You know, growing up I always heard that it was great to be an independent female. I thought that by 25-30 I should have a house, car, career and family. Well things haven’t turned out in that order, but I’m still on par with my schedule for the most part. (Now if only the divorce had been free lol)
I’m proud of where I am. Hell I bought a house a couple of days before I turned 23. I OWN my own car and it’s one in a long line of destructive driving. I’m a single parent who rocks life and puts her daughter first. I’m educated at a college level and read more than I watch TV (all though I still do have a fetish for Jack Bauer). I now (again) have a steady job, steady income, and am responsible with my spending (re: someone talk me into a pedicure. My feet look like a hobbits). I take care of responsibilities and have my priorities straight.

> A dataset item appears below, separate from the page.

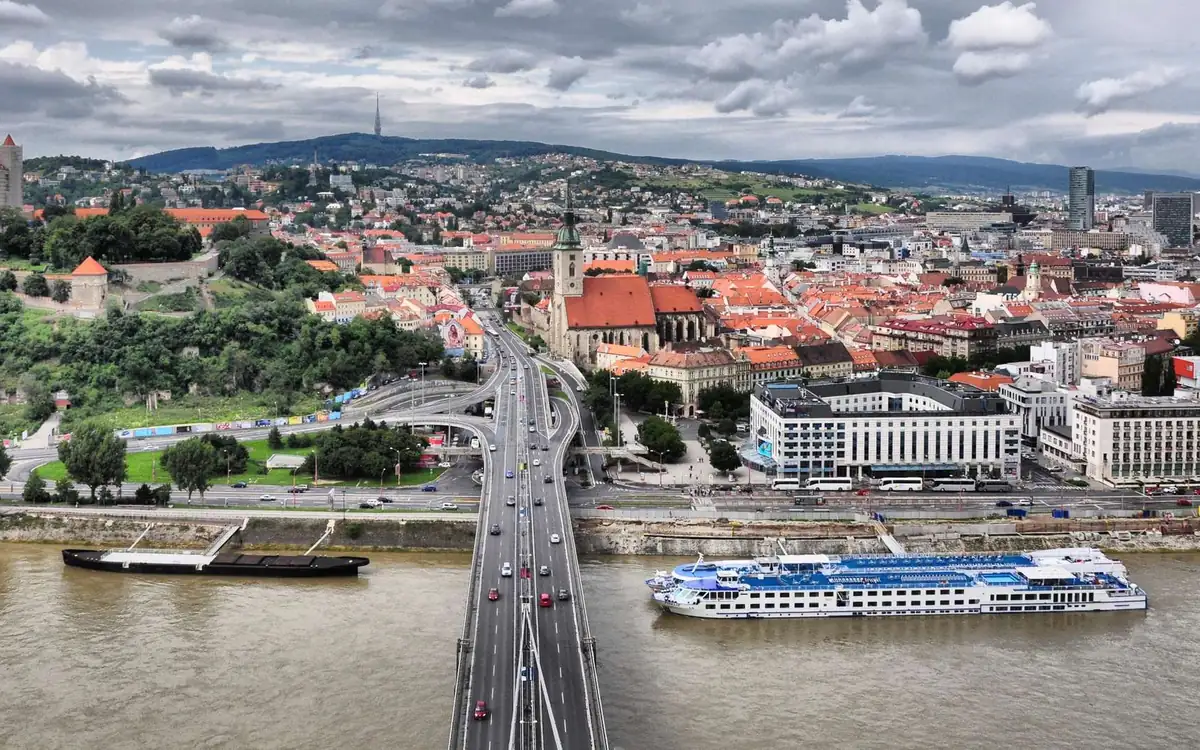 Bratislava old town roofs and a cathedral tower above the river, with a road bridge and a river ship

Even though I’m still in my “fun-loving-twenties” and enjoy the bar scene very much, my love life isn’t what people expect. My social life isn’t what people expect. I did my fair share of one night stands, I did my fair share of casual sex. I’m over it. I’m cool with “bar friends” but I want REAL friends that will come over for Sunday coffee. Why is that so weird to people? For real?
Don’t get me wrong, the friends I DO have, who have proved in past months that they are there are not going anywhere, I greatly treasure. I even treasure the friends of past who have discarded me like a Styrofoam cup on the highway (don’t litter kids). That’s life. But it honest to god bugs me when someone shows romantic interest in me, or friendly interest, and then gets shocked/scared/intimidated when they hear about my house/job/intentions. (Notice I didn’t say the kid… that really doesn’t seem to matter these days)
Sure I’m down for the bar, but if we never hang out outside of it, no that’s not a true friendship to me. Don’t look at me like that because I don’t want a “Casual Fling”. I’m good.
You know, I never used to think that was advanced thinking for a 25-year-old, but hell, my acquaintances in their 30s act shocked and put off.
Sorry folks. I have my life in order and like it that way. I have goals and aspirations and a time line to achieve them. I love having fun and partying and am nowhere near ready to “settle down” again, but a little normalcy is expected. I guess if you don’t like it.. then peace out.